Provided data section start

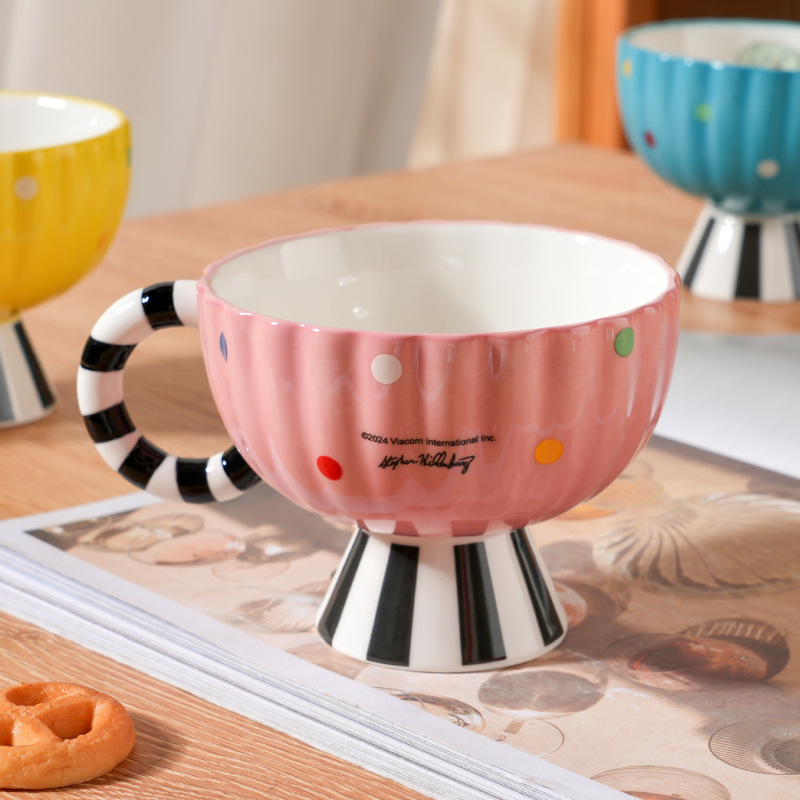 Tazas de cerámica de pies altos de Bob Esponja creativas onduladas tazas de agua a rayas manejo tazas de café de pareja para mujeres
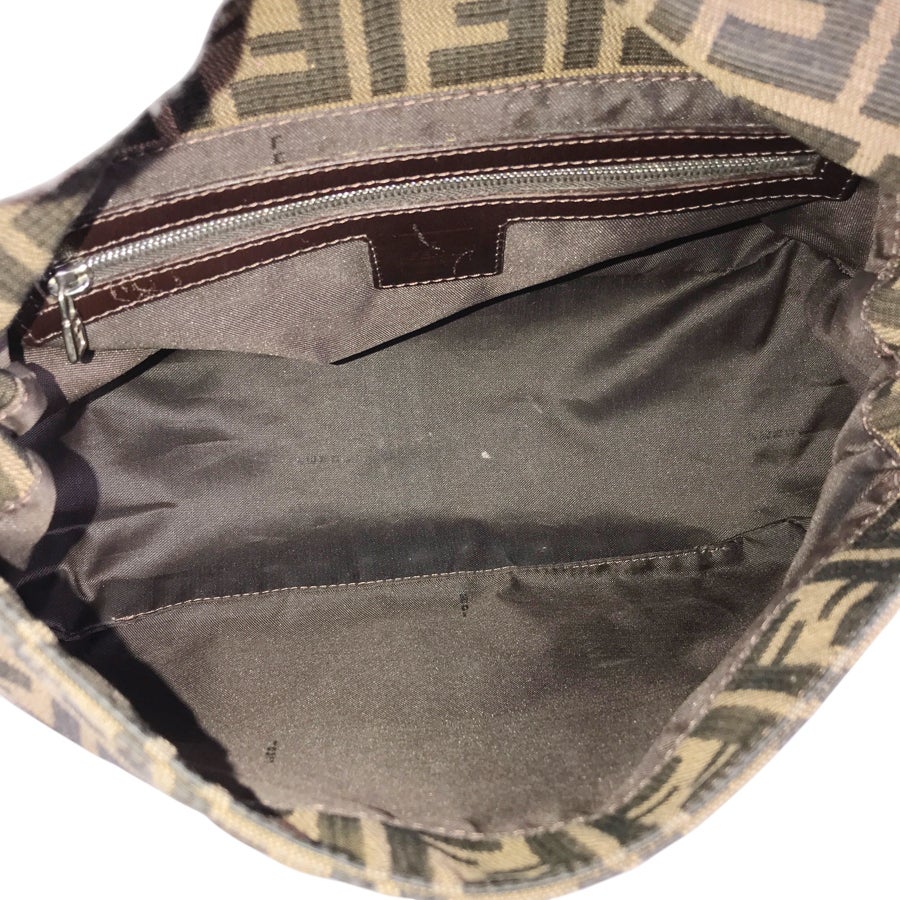 フェンディ ショルダーバッグ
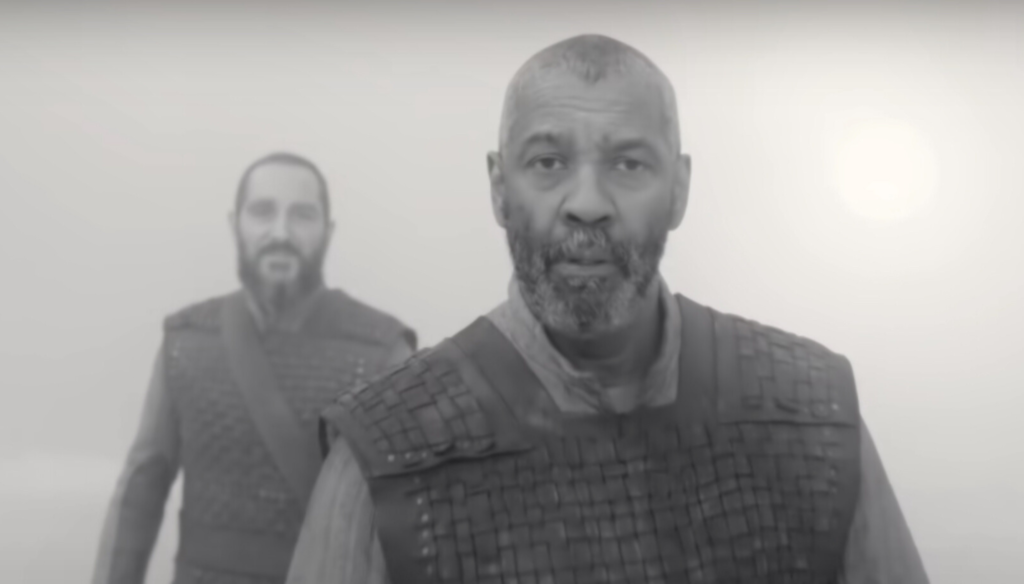 Denzel Washington e Bertie Carvel in una scena di The Tragedy of Macbeth (2021) è la prima opera da solista di Joel Coen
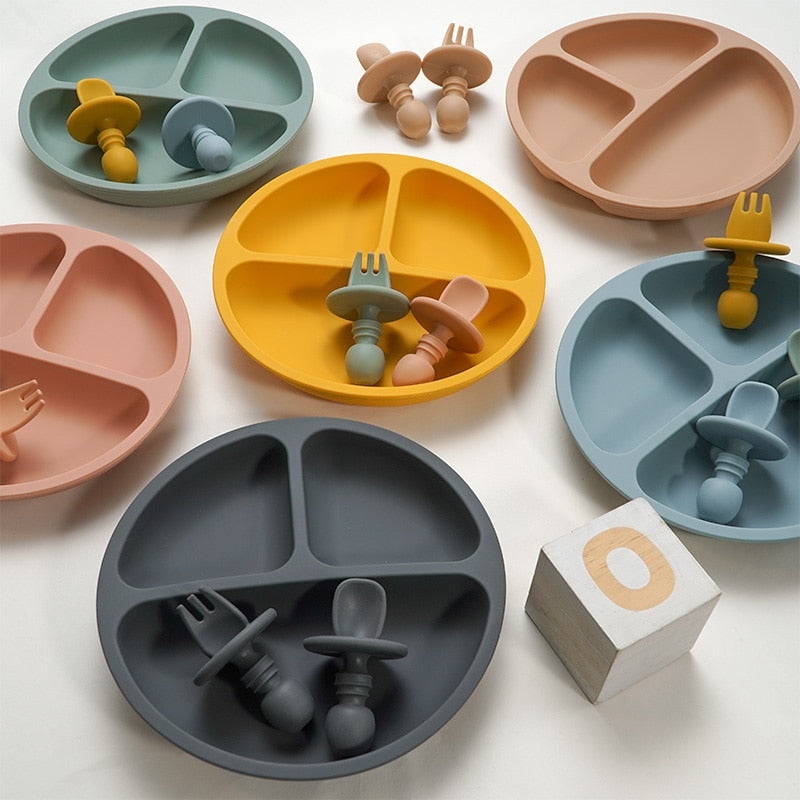 Fashion Solid Silicon Plate Set For Baby plate set Kids Training Feeding Dinnerware Baby Learning Plate Set With Fork Spoon BPA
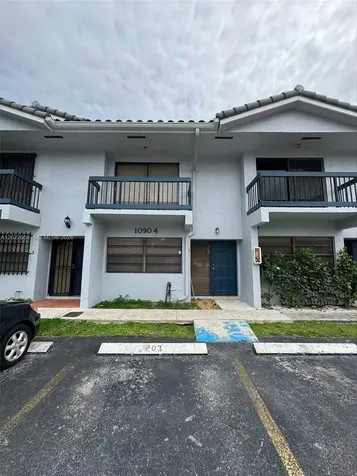 10904 NW 7th Street Miami FL 33172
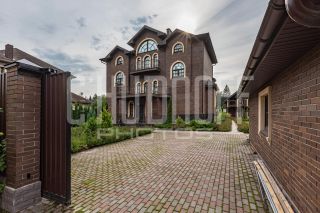 Комплексная фотопрезентация загородного дома для продажи.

Provided data section end

Reproduce all of the entries above word for word, but leave out their pictures.

 Tazas de cerámica de pies altos de Bob Esponja creativas onduladas tazas de agua a rayas manejo tazas de café de pareja para mujeres
 フェンディ ショルダーバッグ
 Denzel Washington e Bertie Carvel in una scena di The Tragedy of Macbeth (2021) è la prima opera da solista di Joel Coen
 Fashion Solid Silicon Plate Set For Baby plate set Kids Training Feeding Dinnerware Baby Learning Plate Set With Fork Spoon BPA
 10904 NW 7th Street Miami FL 33172
 Комплексная фотопрезентация загородного дома для продажи.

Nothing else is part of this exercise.